I should have broken the last post in two. Because it’s 3pm and this is my freewrite which means I’m going to rush through it because I should be writing for tomorrow.
I am angry today. I read how Christine Blasey Ford gave the proceeds of her GoFundMe to help other assault survivors, after she used some of the money to move several times and increase security around her whole family because people have been threatening her since they decided not to believe her. The logic of those people has always confounded me. I get becoming so angry that you say “I’ll kill you!” because usually you don’t mean it and the moment passes. But to torment someone with it – to make them fear for the safety of their children is reprehensible. Also the rape threat thing – I’m not sure those people get to claim to be human.
Some days – most days – the internet just keeps confirming that people are worse than I ever could have believed.
But enough of that cup of cheer!
One of the methods we learned in satire is to take what makes you angry, and then turn it back on itself. It would be nice to turn this anger into humor.
Only four more days, including today, and I will probably be screaming in on two wheels for all of them. Where to from here?
Is there any funny left in the world?
I have a couple of personal essays I would like to finish and place.
I would like to submit one humor piece a week.
But do I write here every day?
Will I get better at coming up with things to write about?
Do I need to publish? Probably not. That’s pretty self-indulgent given my utter lack of anything relevant to say, but this nanopoblano has shown me a lot of people who post really good, interesting observations/poems/essays/photos every day. I look forward to reading several.

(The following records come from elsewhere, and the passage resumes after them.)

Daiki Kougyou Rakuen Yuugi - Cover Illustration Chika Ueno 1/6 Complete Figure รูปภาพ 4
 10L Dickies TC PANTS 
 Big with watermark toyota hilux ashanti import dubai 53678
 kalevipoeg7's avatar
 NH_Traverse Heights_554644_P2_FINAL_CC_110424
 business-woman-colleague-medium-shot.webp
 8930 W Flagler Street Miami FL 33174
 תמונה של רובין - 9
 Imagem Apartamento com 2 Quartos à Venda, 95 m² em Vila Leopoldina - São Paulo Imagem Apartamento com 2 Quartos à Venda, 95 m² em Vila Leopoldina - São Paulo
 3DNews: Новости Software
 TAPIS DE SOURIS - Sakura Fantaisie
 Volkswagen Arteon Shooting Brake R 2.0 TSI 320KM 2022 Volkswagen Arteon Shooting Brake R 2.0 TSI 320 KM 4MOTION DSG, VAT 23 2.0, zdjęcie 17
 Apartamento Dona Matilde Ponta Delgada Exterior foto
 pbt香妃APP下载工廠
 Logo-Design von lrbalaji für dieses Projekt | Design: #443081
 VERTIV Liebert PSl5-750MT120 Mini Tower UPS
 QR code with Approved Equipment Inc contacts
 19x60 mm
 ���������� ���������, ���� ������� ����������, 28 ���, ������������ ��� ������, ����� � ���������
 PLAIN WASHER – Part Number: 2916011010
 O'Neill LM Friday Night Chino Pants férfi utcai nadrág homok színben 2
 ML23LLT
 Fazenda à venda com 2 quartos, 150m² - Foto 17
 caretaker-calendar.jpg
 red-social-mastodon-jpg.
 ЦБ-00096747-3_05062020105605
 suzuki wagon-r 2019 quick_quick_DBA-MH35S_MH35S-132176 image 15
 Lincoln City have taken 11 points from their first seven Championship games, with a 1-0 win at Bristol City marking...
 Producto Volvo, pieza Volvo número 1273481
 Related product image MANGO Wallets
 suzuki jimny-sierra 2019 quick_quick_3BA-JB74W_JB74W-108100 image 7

I had a great conversation with myself in the car on the way to the gym about boundary issues, and how that seems to be at the heart of the problems I have with relationships. Wow that sounds boring now that I have typed it. And a little sketchy. Everyone has conversations with themselves about boondaries, right? That’s a good subject for tomorrow. I agree.
I am re-watching Stranger Things. It’s not holding up as well on the second viewing but I still love it. It still feels like visiting an old friend. Maybe that’s a good subject for the next day.
Then, the last day I can recap, and you can finally be done with me.